- _Raw data_:
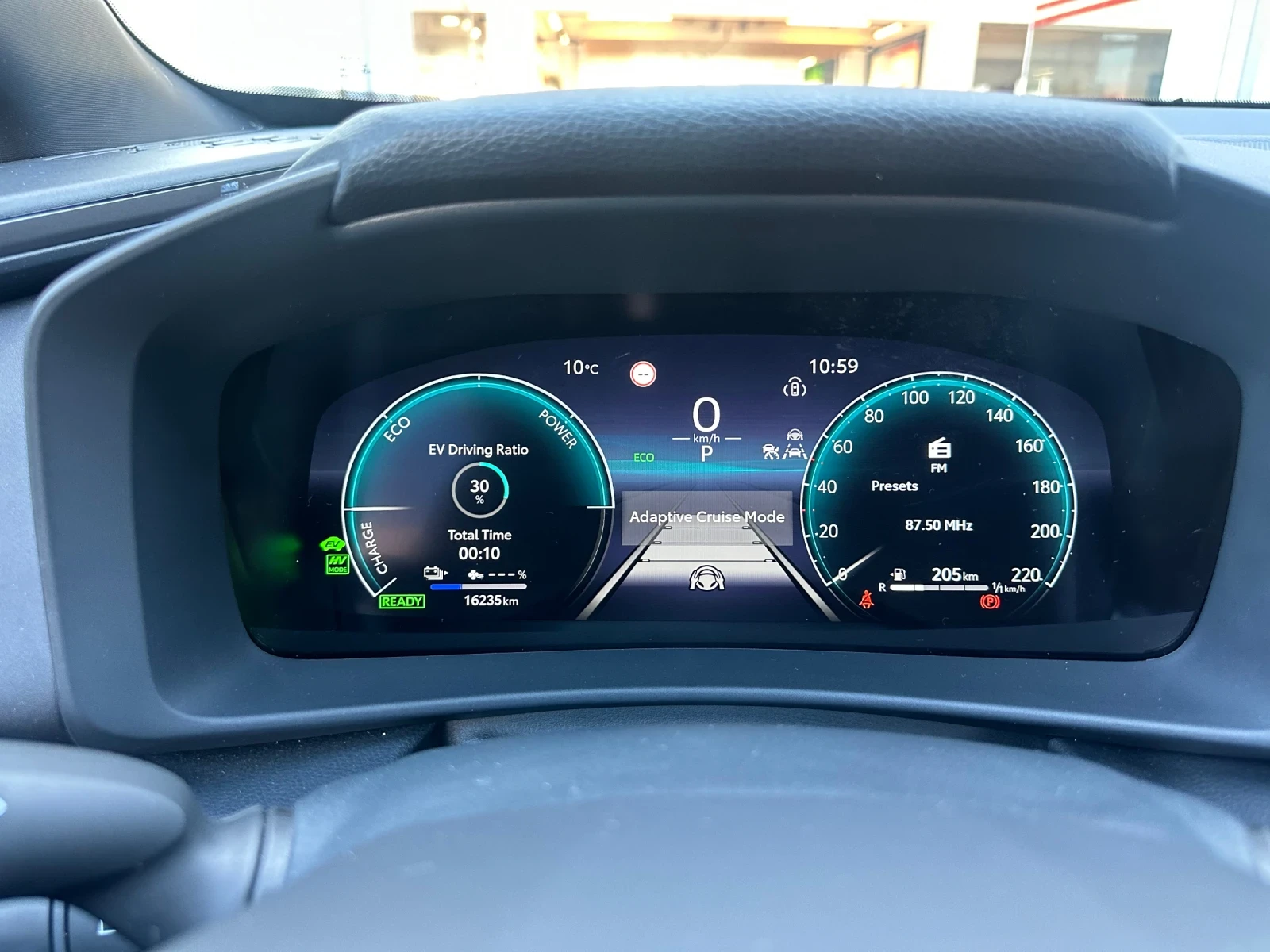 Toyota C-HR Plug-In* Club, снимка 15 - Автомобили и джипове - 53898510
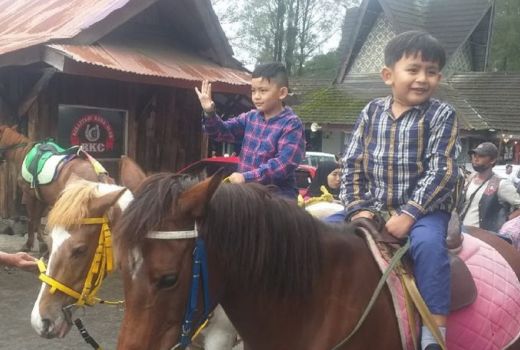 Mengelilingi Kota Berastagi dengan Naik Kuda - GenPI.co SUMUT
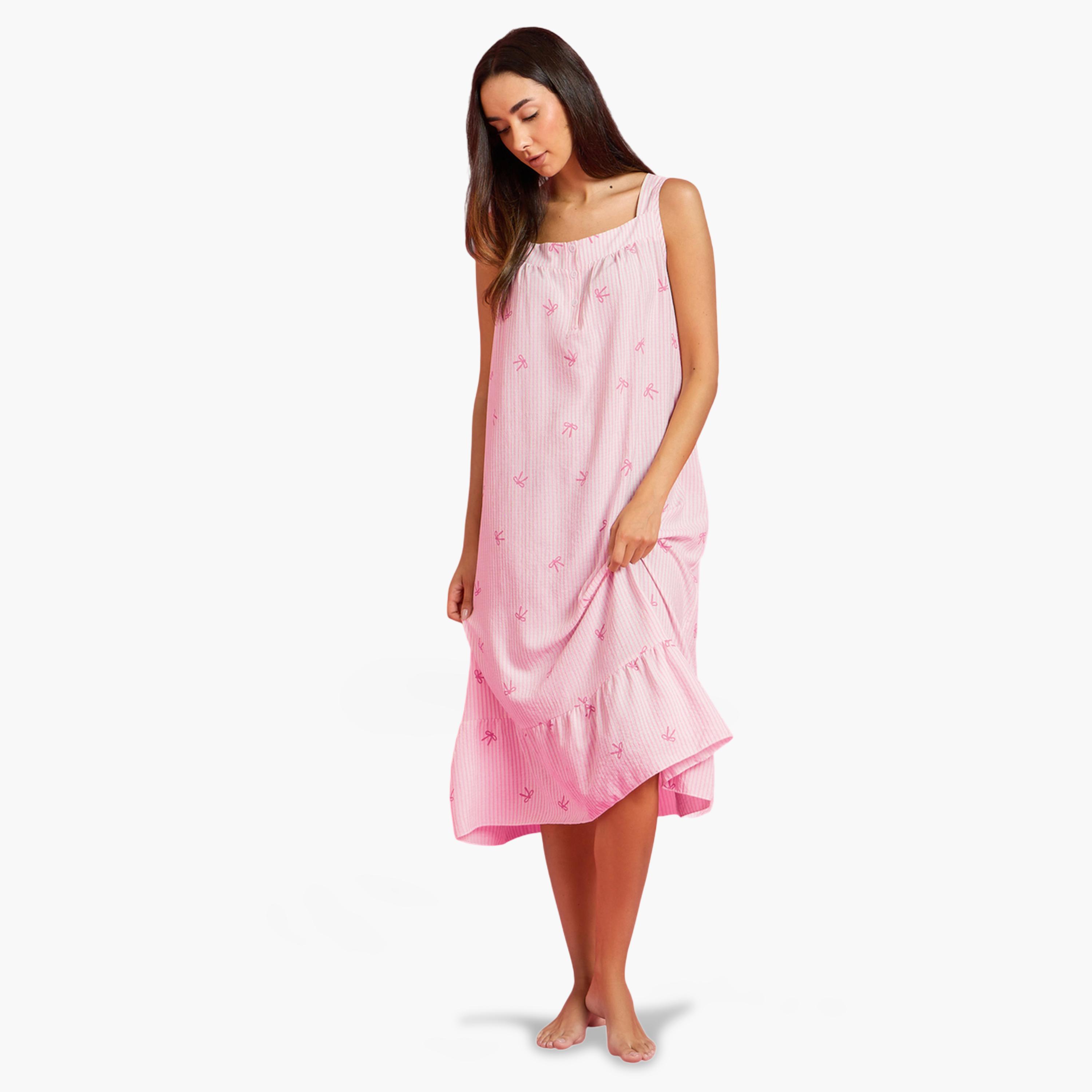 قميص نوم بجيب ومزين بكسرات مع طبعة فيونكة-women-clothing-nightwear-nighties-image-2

- _Aim of the exercise_: When you copy the data, keep every line exact and drop the pictures.

- _Result_:
 Toyota C-HR Plug-In* Club, снимка 15 - Автомобили и джипове - 53898510
 Mengelilingi Kota Berastagi dengan Naik Kuda - GenPI.co SUMUT
 قميص نوم بجيب ومزين بكسرات مع طبعة فيونكة-women-clothing-nightwear-nighties-image-2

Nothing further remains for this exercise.